Auswirkungen auf die Gesellschaft

Die Folgen des beschriebenen Phänomens gehen weit über einzelne Internetdiskussionen hinaus und beeinflussen unsere Gesellschaft auf vielschichtige Weise. Doch uns sollte klar sein, dass nicht nur die Ablehnung von Fachwissen, sondern auch die Art und Weise, wie Menschen Informationen aufnehmen und interpretieren, von zentraler Bedeutung ist. Wenn wir als Gesellschaft vorankommen wollen, dann sollten wir nicht de Augen verschließen, nur weil eine Situation unbequem ist.

Speziell im Netz, in dem wir ständig von einer Flut an Informationen umgeben sind, spielen unsere Fähigkeiten zur Informationsauswahl und -interpretation eine entscheidende Rolle. Wenn wir jedoch dazu neigen, nur die Informationen aufzugreifen, die unsere bestehenden Überzeugungen bestätigen, und alle anderen zu ignorieren, führt dies zu einer zunehmenden Polarisierung. Wir radikalisieren uns dadurch in mehr oder weniger selbstgeschaffenen „Echokammern“ oder „Filterblasen“, in denen sie nur noch Meinungen und Ansichten zu hören bekommen, die ihre eigenen widerspiegeln. Social Media Algorithmen verstärken die selektive Informationsaufnahme dazu.

Das ist nicht nur problematisch, weil es den öffentlichen Diskurs verarmt und die Entstehung von gemeinsamen Gesprächsebenen und Konsens erschwert. Es kann auch dazu führen, dass Menschen Fehlentscheidungen treffen, weil sie auf einer verzerrten oder unvollständigen Informationsbasis beruhen. Ob es sich um individuelle Entscheidungen im täglichen Leben, etwa in Bezug auf Gesundheit und Finanzen, oder um kollektive politische Entscheidungen handelt – die Qualität unserer Entscheidungen hängt maßgeblich von der Qualität der Informationen ab, auf denen sie basieren.

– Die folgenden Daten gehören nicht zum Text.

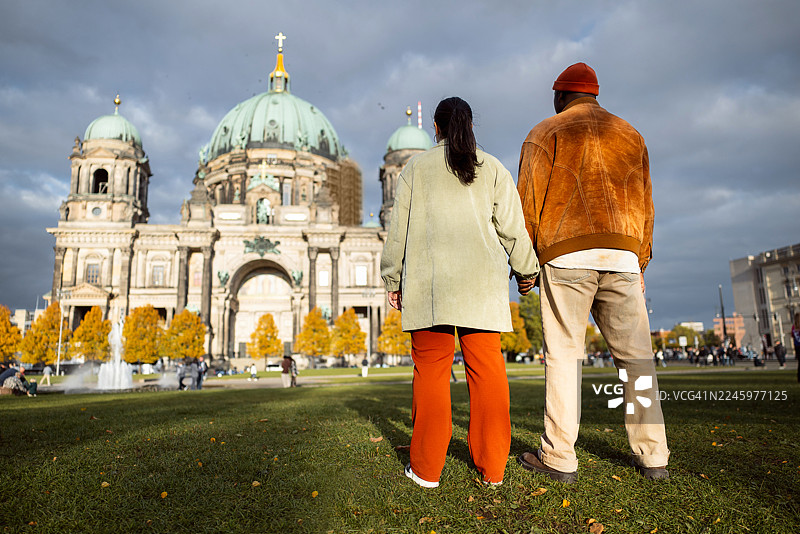 情侣在情人节期间参观柏林大教堂，背后是他们站在一起的背影图片素材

Selektive Informationsaufnahme erschafft Misstrauen!

Darüber hinaus kann diese selektive Informationsaufnahme auch zu Misstrauen und Feindseligkeit führen. Wenn Menschen sich nur in ihrer eigenen Informationsblase bewegen, können sie beginnen, diejenigen zu misstrauen oder gar zu bekämpfen, die andere Informationen präsentieren oder andere Ansichten vertreten. Das untergräbt den sozialen Zusammenhalt und die Fähigkeit zur konstruktiven Diskussion und Zusammenarbeit. Ganz besonders dann, wenn Phantomdiskussionen entstehen oder dem politischen Gegner Dinge unterstellt werden, die dieser nicht getan hat und auch gar nicht tun will.

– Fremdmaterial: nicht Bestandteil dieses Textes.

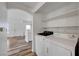 Convenient laundry area with washer, dryer, and shelving at 1840 N Jones Blvd, Las Vegas, NV 89108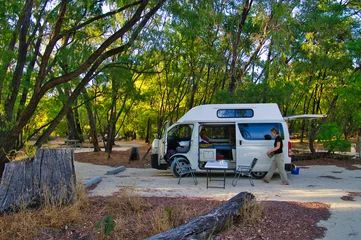 Fotobehang Middle aged woman camping with a small camper van on a camping ground close to Perth, Western Australia. Yalgorup National Park  © HansWismeijer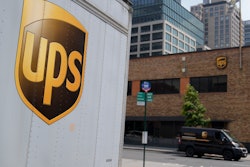 A delivery vehicle passes by a UPS depot in New York, June 29, 2023.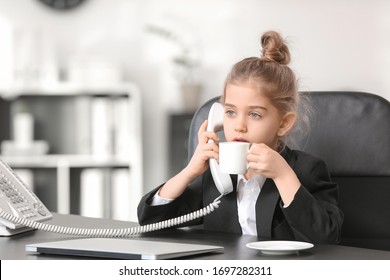 Little Businesswoman Talking By Telephone In Office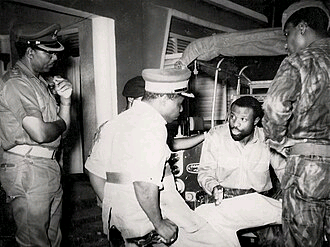 Nigerian officers discussing military strategy during the Nigerian Civil War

Ja, die selektive Informationsaufnahme ist ein tieferliegendes Problem. Es ist kein neuer Trend, der unsere Gesellschaft in vielfacher Hinsicht beeinflusst – von der Qualität unserer Entscheidungen über die Qualität des öffentlichen Diskurses bis hin zum sozialen Zusammenhalt.

Wir müssen irgendwie auf Dauer einen besseren Weg finden, um mit Information und Wissen umzugehen. Bildung und Medienkompetenz sind Schlüssel zur Lösung dieses Problems. Eine verbesserte Medienbildung könnte helfen, Menschen zu zeigen, wie man Informationen kritisch betrachtet, anstatt sie einfach zu akzeptieren. Speziell dann, wenn Fachleute einen Konsens präsentieren, der mir als Einzelperson nicht schmeckt. Da reicht es nicht, mithilfe einer grotesken Internetquelle sich an die eigene Position zu klammern.